CDC warns of virus that can cause seizures and death in infants circulating in multiple states

(NEXSTAR) – The Centers for Disease Control and Prevention is warning that a virus that can cause serious illness or death in newborns is circulating in “multiple states” after it killed a baby boy in Connecticut.

Parechovirus, or PeV, is common in children — most children catch it by the time they’re in kindergarten, according to the CDC — but it can have serious consequences for infants under 3 months old.

In older children, between 6 months and 5 years old, the virus can cause an upper respiratory infection, fever and rash. But in very young infants, it can cause “septicemia-like illness, seizures, and meningitis,” according to the CDC. Babies under 1 month are the most vulnerable.

The virus can be spread by symptomatic and asymptomatic people, according to the CDC. There are two main modes of transmission of the parechovirus: the respiratory route (such as coughing or sneezing) and the fecal-oral route. The latter is a more common way for young children to spread viruses, as invisible bacteria or viruses from a child’s stool end up in someone else’s mouth.

Parechovirus is more common in summer and fall.

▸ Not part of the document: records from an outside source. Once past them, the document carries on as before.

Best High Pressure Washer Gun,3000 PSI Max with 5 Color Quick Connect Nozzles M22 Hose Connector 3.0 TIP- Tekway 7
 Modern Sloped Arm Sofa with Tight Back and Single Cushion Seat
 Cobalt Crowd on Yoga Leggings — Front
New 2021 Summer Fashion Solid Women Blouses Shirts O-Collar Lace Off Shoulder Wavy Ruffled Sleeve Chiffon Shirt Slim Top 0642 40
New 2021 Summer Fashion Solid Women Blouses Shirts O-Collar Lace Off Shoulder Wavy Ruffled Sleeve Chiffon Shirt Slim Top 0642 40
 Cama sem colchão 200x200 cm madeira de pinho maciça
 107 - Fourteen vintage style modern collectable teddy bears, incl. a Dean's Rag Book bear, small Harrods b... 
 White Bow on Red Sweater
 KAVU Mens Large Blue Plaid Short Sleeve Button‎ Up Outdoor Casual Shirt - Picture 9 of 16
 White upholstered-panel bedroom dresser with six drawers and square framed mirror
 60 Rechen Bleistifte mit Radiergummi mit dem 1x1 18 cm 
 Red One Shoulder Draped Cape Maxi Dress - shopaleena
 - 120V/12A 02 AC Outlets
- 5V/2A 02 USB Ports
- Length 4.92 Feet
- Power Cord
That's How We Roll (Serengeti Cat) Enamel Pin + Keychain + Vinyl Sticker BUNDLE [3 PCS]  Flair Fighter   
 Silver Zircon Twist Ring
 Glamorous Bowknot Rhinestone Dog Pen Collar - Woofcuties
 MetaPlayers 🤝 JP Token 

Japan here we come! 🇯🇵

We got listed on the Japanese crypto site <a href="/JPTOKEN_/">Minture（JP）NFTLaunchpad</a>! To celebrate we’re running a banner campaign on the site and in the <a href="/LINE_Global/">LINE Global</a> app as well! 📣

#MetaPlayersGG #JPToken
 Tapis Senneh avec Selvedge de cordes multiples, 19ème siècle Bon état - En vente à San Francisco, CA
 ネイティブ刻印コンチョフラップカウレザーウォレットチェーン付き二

In the warning released last week, the CDC urges doctors and health care providers to test for parechovirus if an infant has an unexplained fever, sepsis-like syndrome, or neurological issues like seizures and meningitis.

“Since May 2022, the CDC has received reports from health care providers in multiple states of PeV infections in newborns and young infants,” the agency wrote. He did not say how many states or in which states the virus was found.

One state where the virus has been confirmed is Connecticut, where it claimed the life of Ronan DeLancy, 34 days. At 10 days, “his parents noticed he was fussy, seemed tired, stopped feeding and had a rash,” according to Hartford HealthCare, but his pediatrician said Ronan probably just had colic.

“Still worried, the DeLancys took Ronan to the hospital. His oxygen levels dropped rapidly and he started having seizures. An MRI showed brain damage and tests revealed he had parechovirus,” Hartford HealthCare wrote in a post warning of the dangers of the virus.

“Over the past five years, we’ve begun to realize that through mutations and more virulent subtypes, these viruses, particularly parechovirus, can be deadly,” said Andrew Wong, MD, a provider of primary care of the hospital group. While not fatal, it can lead to lifelong debilitations such as neuromuscular weakness and developmental delays. The CDC says these types of long-term neurological problems are rare.

“There is no specific treatment for PeV infection,” the CDC adds in its warning. “However, diagnosing PeV in infants could change management strategies and provide important insights into the health of families.”